2. The apparatus of claim 1 , wherein said first part is a type identifier, and said first register tag is stored in an extension of said register.
3. The apparatus of claim 1 , wherein said first copy of said first register tag includes a counter incremented by a second load to said register of said second part.
4. The apparatus of claim 3 , wherein prefetch is responsive to said counter reaching a threshold value.
5. The apparatus of claim 4 , further comprising a second register tag stored in said extension of said register, wherein said prefetch prediction table includes a second copy of said second register tag with a third part and a fourth part.
6. The apparatus of claim 5 , wherein said first part, said second part, said third part, and said fourth part are portions of said cache line.
7. The apparatus of claim 4 , wherein said first register tag includes a third part, and said prefetch prediction table includes a copy of said third part to receive a cache line offset.
8. The apparatus of claim 1 , wherein said first part is a type identifier, and said prefetch prediction table to be initialized by software execution.
9. The apparatus of claim 8 , wherein said software execution preloads said prefetch prediction table with a first value for said type identifier and a second value for a corresponding second part predetermined by software to permit prefetching.
10. The apparatus of claim 1 , wherein said first part is a vtable pointer.
11. A method, comprising:
selecting a tag identifier and a word number of a cache line associated with said tag identifier;
determining whether a second fetch to a second address pointed to by a value of said word number is correlated to a first fetch to a first address pointed to by said tag identifier; and
if so, then prefetching to said second address after each load to said first address.
12. The method of claim 11 , wherein said selecting includes associating said tag identifier and said word number to a register when said register loads from said word number in said cache line.
13. The method of claim 12 , wherein said associating includes writing said tag identifier and said word number to a register extension.
14. The method of claim 13 , wherein said determining includes incrementing a counter when a second fetch to a second address pointed to by a value of said word number is correlated to a first fetch to a first address pointed to by said tag identifier.
15. The method of claim 12 , wherein said determining includes initializing a prefetch prediction table by software.
16. The method of claim 15 , wherein said determining includes comparing said tag identifier and said word number to said prefetch prediction table.
17. An apparatus, comprising:
means for selecting a tag identifier and a word number of a cache line associated with said tag identifier;
means for determining whether a second fetch to a second address pointed to by a value of said word number is correlated to a first fetch to a first address pointed to by said tag identifier; and
if so, then means for prefetching to said second address after each load to said first address.

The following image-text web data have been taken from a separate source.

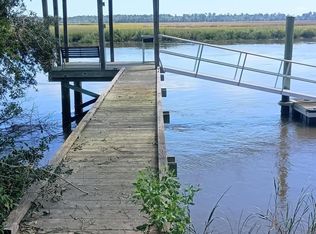 15771 Bennetts Point Rd, Green Pond, SC 29446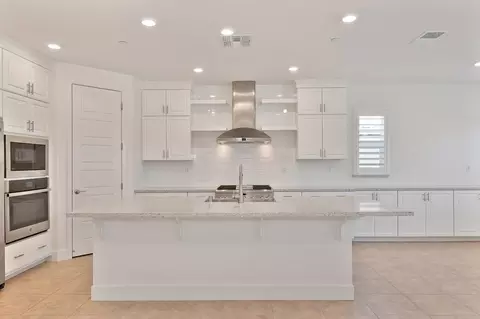 Kitchen - 3532 Heron Ct, Folsom, CA 95630 photo 1 of 10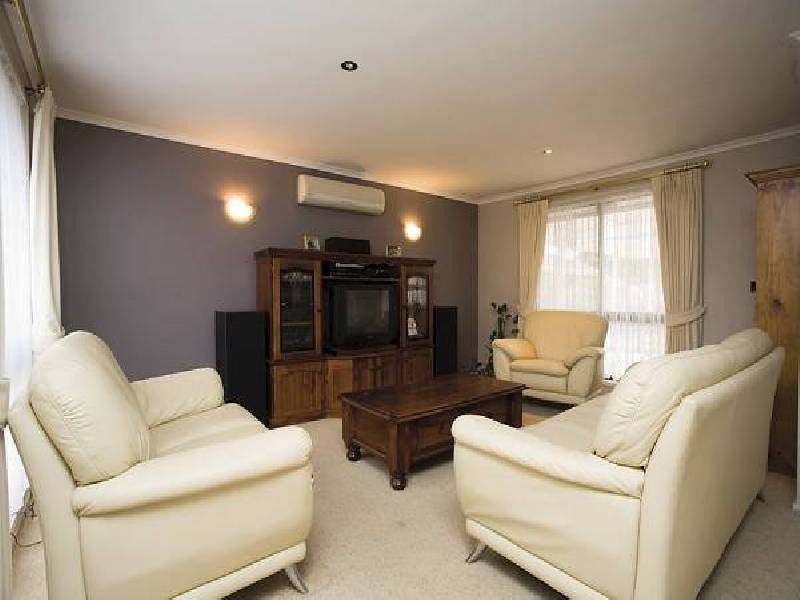 10 Sandleford Place, Dingley Village VIC 3172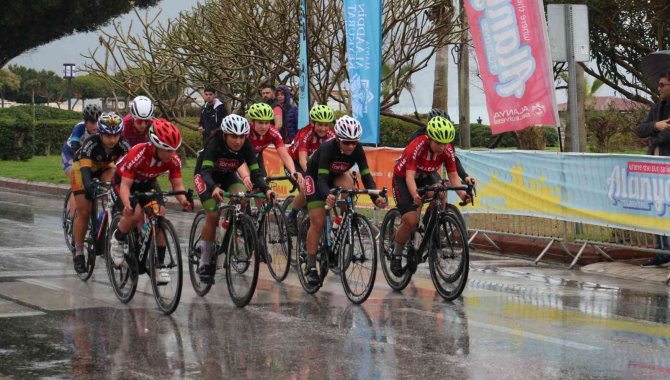 Dünya Bisiklet Günü dolayısıyla Alanya'da bisiklet turu düzenlendi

18. The apparatus of claim 17 , wherein said means for selecting includes means for associating said tag identifier and said word number to a register when said register loads from said word number in said cache line.
19. The apparatus of claim 18 , wherein said means for associating includes means for writing said tag identifier and said word number to a register extension.
20. The apparatus of claim 19 , wherein said determining includes incrementing a counter when a second fetch to a second address pointed to by a value of said word number is correlated to a first fetch to a first address pointed to by said tag identifier.
21. The method of claim 18 , wherein said means for determining includes means for initializing a prefetch prediction table by software.
22. The method of claim 21 , wherein said means for determining includes means for comparing said tag identifier and said word number to said prefetch prediction table.
23. A computer-readable media including software instructions that when executed by a processor perform the following:
selecting a tag identifier and a word number of a cache line associated with said tag identifier;
determining whether a second fetch to a second address pointed to by a value of said word number is correlated to a first fetch to a first address pointed to by said tag identifier; and
if so, then indicating that a prefetch should occur to said second address after each load to said first address.
24. The computer-readable media of claim 23 , wherein said selecting includes associating said tag identifier and said word number to a register when it is determined that said register may load from said word number in said cache line.
25. The method of claim 23 , wherein said determining includes initializing a prefetch prediction table by software.
26. The method of claim 25 , wherein said determining includes comparing said tag identifier and said word number to said prefetch prediction table.
27. A system, comprising:
a processor including a cache memory including a cache line, a register to be associated with a first register tag with a first part and a second part, where said first register tag contains portions of said cache line after a first load to said register from said cache line and a prefetch prediction table to include a first copy of said first register tag and to initiate a prefetch to a memory address pointed to by said second part of said first copy when said first load is to said first part of said first copy;
a bus coupled to said processor; and
an audio input/output coupled to said bus.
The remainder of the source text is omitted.